Disc golf is played much like traditional golf. Instead of a ball and clubs, however, players use a flying disc, or Frisbee® The sport was formalized in the 1970's, and shares with "ball golf" the object of completing each hole in the fewest number of strokes (or, in the case of disc golf, fewest number of throws).

A golf disc is thrown from a tee area to a target which is the "hole". the hole can be one of a number of disc golf targets; the most common is called a Pole Hole® an elevated metal basket. As a player progresses down the fairway, he or she must make each consecutive shot from the spot where the previous throw has landed. The trees, shrubs, and terrain changes located in and around the fairways provide challenging obstacles for the golfer. Finally, the "putt" lands in the basket and the hole is completed.

Disc golf shares the same joys and frustrations of traditional golf, whether it's sinking a long putt or hitting a tree halfway down the fairway. There are few differences, though. Disc golf rarely requires a greens fee, you probably won't need to rent a cart, and you never get stuck with a bad "tee time." It is designed to be enjoyed by people of all ages, male and female, regardless of economic status.

Who Plays Disc Golf?
Disc golf can be played from school age to old age, making it the one of the greatest lifetime fitness sports available. Specially-abled and disabled participate, giving them the opportunity to take part in a mainstream activity. Because disc golf is so easy to learn, no one is excluded. Players merely match their pace to their capabilities, and proceed from there.

The Professional Disc Golf Association, the governing body for the sport, sanctions competitive events for men and women of every skill level from novice to professional. Disc golf courses are found in countries worldwide, as well as throughout the United States.

Where do I play?
Many city parks have golf courses already set up. Most are free to play as often as you like. Disc golfers who do not have the benefit of a permanent disc golf facility in their area often "make up" courses in nearby parks and green spaces.

One of the great features disc golf shares with traditional golf is that they are both played in beautiful settings. A nine-hole disc golf course can be established on as little as five acres of land, and a championship-caliber 18-hole course on 30 to 40 acres. Disc golf courses can coexist with existing park facilities and activity areas. The ideal location combines wooded and open terrains, and a variety of topographical change.

The need for more courses is constant, as the sport continues to grow in popularity. The PDGA has created standards for the design and installation of new golf courses, to ensure their success in the community.

Why should I play?
The ongoing fitness boom finds more and more people taking up recreational activities in an effort to improve health and quality of life.

Disc golf provides upper and lower body conditioning, aerobic exercise, and promotes a combination of physical and mental abilities that allow very little risk of physical injury. Concentration skills increase by mastering shots and negotiating obstacles.
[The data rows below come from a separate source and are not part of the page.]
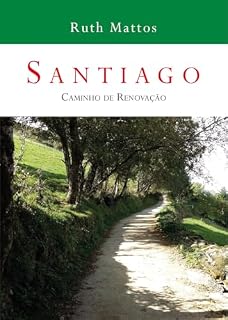 Livro SANTIAGO: Caminho de Renovação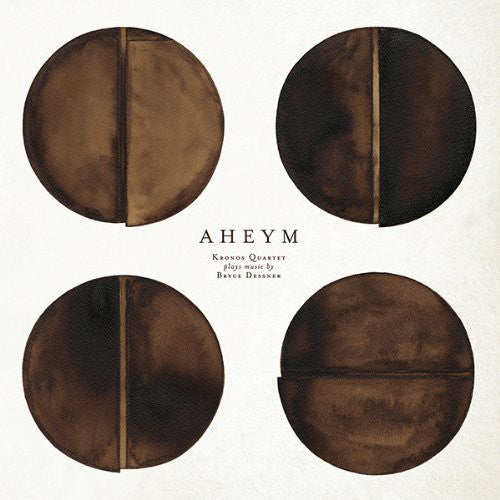 Kronos Quartet with Bryce Dessner: Aheym - VINYL LP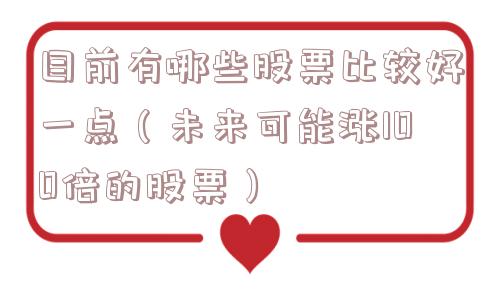 目前有哪些股票比较好一点（未来可能涨100倍的股票）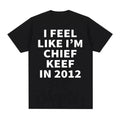 I Feel Like Chief Keef In 2012 Trendy Unisex Graphic Tee Shirt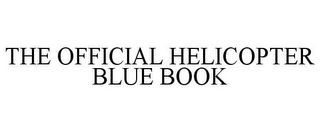 THE OFFICIAL HELICOPTER BLUE BOOK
Players of limited fitness levels can start slowly and gradually increase their level of play as fitness improves.

Scheduling is also flexible; a round takes one to two hours, and may be played alone, eliminating the difficulty of scheduling tee times. And as in traditional golf, disc golfers find themselves "hooked;" increasing the likelihood of frequent participation. Disc golf offers year-round fitness, even in rain or snow. Perhaps the greatest attribute of the sport is the expense - or rather, the lack of it. A professional quality disc costs around $10, and it only takes one for basic play.

And, of course, there's the sheer fun of the game - no matter what your age or skill level.